The Constitution of the United States empowered Congress to protect the works of authors and inventors by giving them exclusive rights to their works for a limited time.(fn44) Exercising this power, the United States Congress enacted its first Copyright Act in 1790, and revised it several times throughout the years.(fn45) When the Copyright Act was revised in 1909, motion picture and sound recordings were new technologies, and other mediums were being introduced and developed.(fn46) Measures to revise the act were introduced as early as 1924, but no revisions were enacted until 1974.(fn47) In 1974, Congress approved a limited revision measure out of necessity, although it was still working on a comprehensive revision to the Copyright Act.(fn48)

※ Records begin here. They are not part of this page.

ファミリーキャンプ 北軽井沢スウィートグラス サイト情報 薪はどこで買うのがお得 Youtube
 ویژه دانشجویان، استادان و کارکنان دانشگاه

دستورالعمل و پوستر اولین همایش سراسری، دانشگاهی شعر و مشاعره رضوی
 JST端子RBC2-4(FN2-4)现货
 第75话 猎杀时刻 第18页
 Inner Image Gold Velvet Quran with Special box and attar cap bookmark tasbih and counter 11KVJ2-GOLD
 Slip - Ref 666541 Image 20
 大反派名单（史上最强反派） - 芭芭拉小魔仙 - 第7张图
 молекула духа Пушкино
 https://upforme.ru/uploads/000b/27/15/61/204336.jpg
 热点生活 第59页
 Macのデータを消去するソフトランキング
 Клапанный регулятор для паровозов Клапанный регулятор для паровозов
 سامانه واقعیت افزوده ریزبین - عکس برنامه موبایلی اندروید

In 1976, Congress introduced bills in both houses similar to a 1973 general revision bill that was considered but not passed.(fn49) Section 106 of the revision bill enumerated the five fundamental rights a copyright affords its owner.(fn50) House Report 1476 specified that § 106 was meant to list the exclusive rights broadly, while §§ 107 through 118 were meant as limitations that were to be read in conjunction with § 106.(fn51) Section 114 sets the limitations for the exclusive rights for copyright holders in sound recordings.(fn52) House Report 1476 states that §114(b) directs that the copyright holder's protection is limited only to sounds contained within the recording.(fn53) Additionally, an amendment to the revision bill was adopted in order to clarify that the exclusive right to prepare derivative works only extended to the rearranging or remixing of the actual sounds fixed in the sound recording.(fn54) Since § 114 was meant to be a limit on the general rights conferred by § 106, it follows that the section did not expand sound recording copyrights by eliminating the de minimis exception in actions of infringement.(fn55)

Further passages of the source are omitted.